+++ RECORDS FOR THE EXERCISE +++

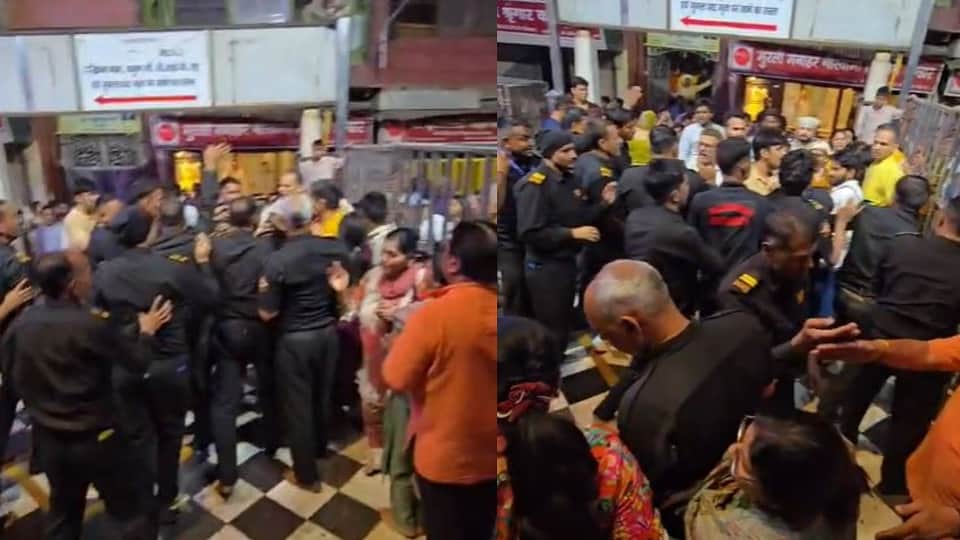 श्रद्धालुओं से मारपीट।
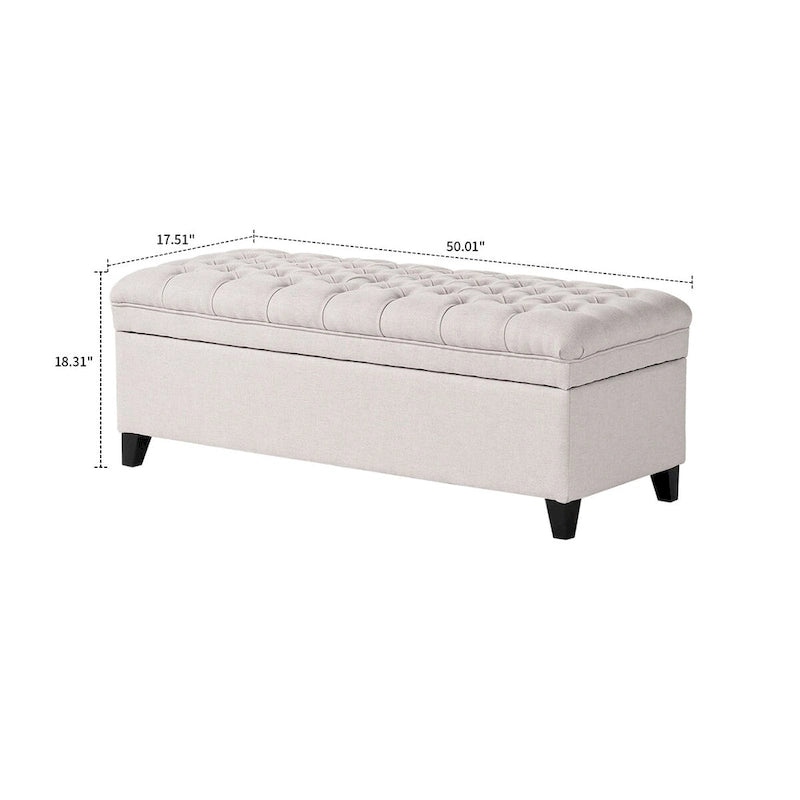 Banc de rangement capitonné classique et élégant avec assise décorée de boutons touffetés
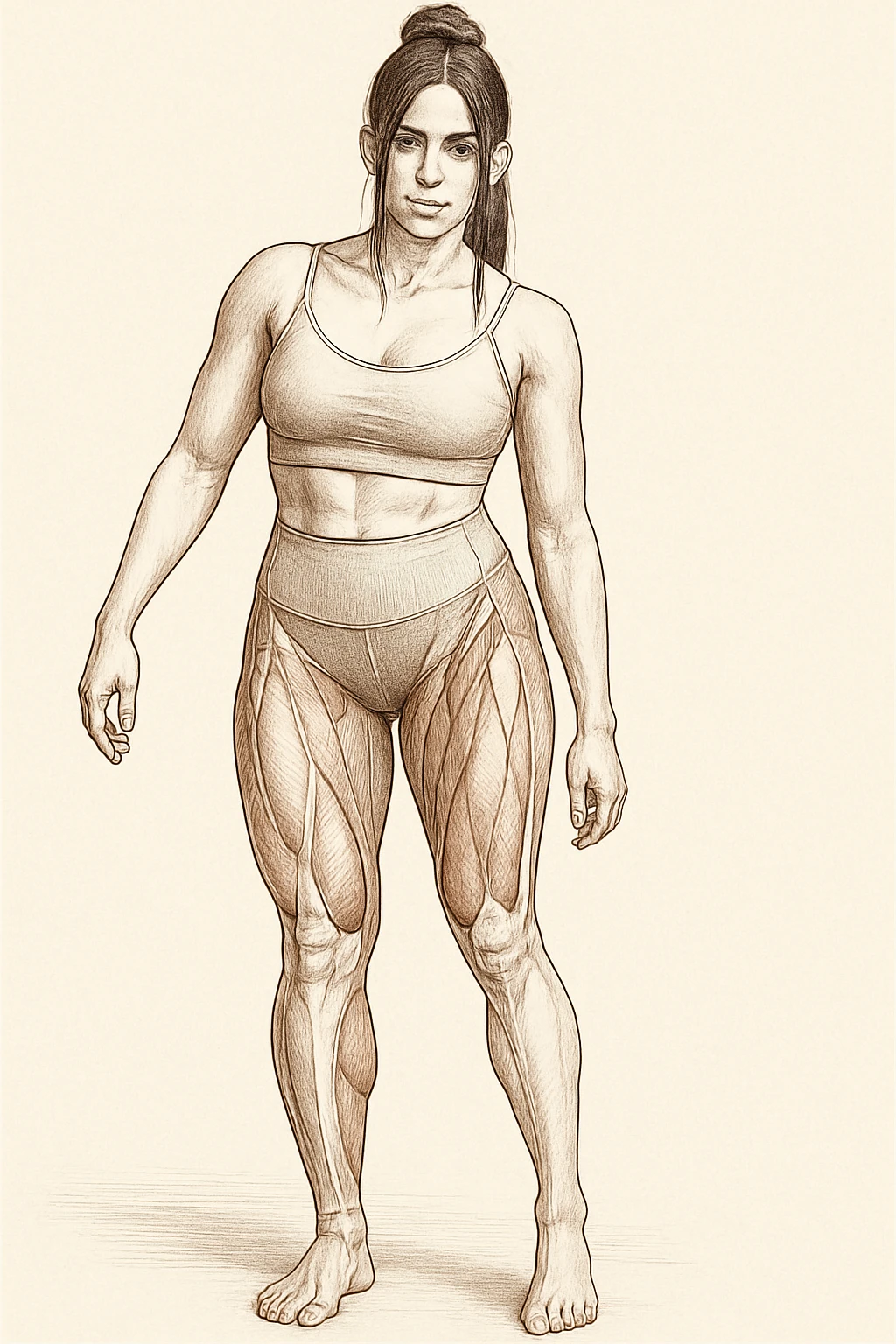 Anatomical style illustration inspired by the photo showing one leg visibly smaller and less hypertrophic than the other, highlighting the muscular difference between the legs, anatomical style, variant 5. emoji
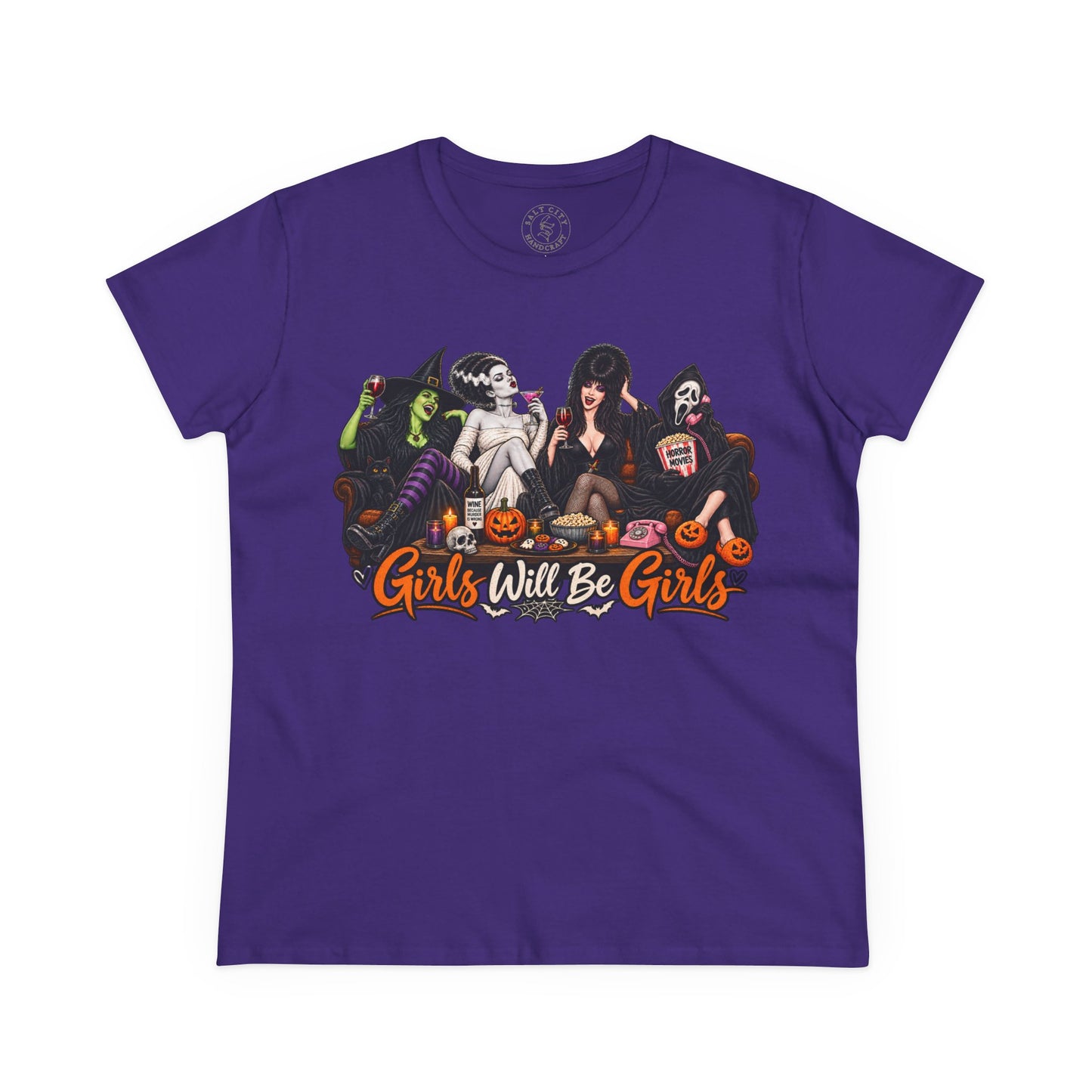 Girls Will Be Girls Halloween Graphic Tee — Retro Horror Shirt for Women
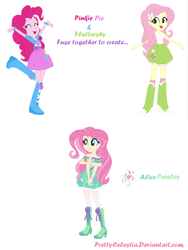 Size: 930x1234 | Tagged: safe, artist:prettycelestia, parent:fluttershy, parent:pinkie pie, species:eqg human, g4, my little pony:equestria girls, bows, butterfly, character:alise paisley, offspring, pinkie shy, vines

+++

(TASK TO CARRY OUT)
Please write out every line of the listing above exactly, and leave the images behind.

(RESULT OF THIS TASK)
 श्रद्धालुओं से मारपीट।
 Banc de rangement capitonné classique et élégant avec assise décorée de boutons touffetés
 Anatomical style illustration inspired by the photo showing one leg visibly smaller and less hypertrophic than the other, highlighting the muscular difference between the legs, anatomical style, variant 5. emoji
 Girls Will Be Girls Halloween Graphic Tee — Retro Horror Shirt for Women
 Size: 930x1234 | Tagged: safe, artist:prettycelestia, parent:fluttershy, parent:pinkie pie, species:eqg human, g4, my little pony:equestria girls, bows, butterfly, character:alise paisley, offspring, pinkie shy, vines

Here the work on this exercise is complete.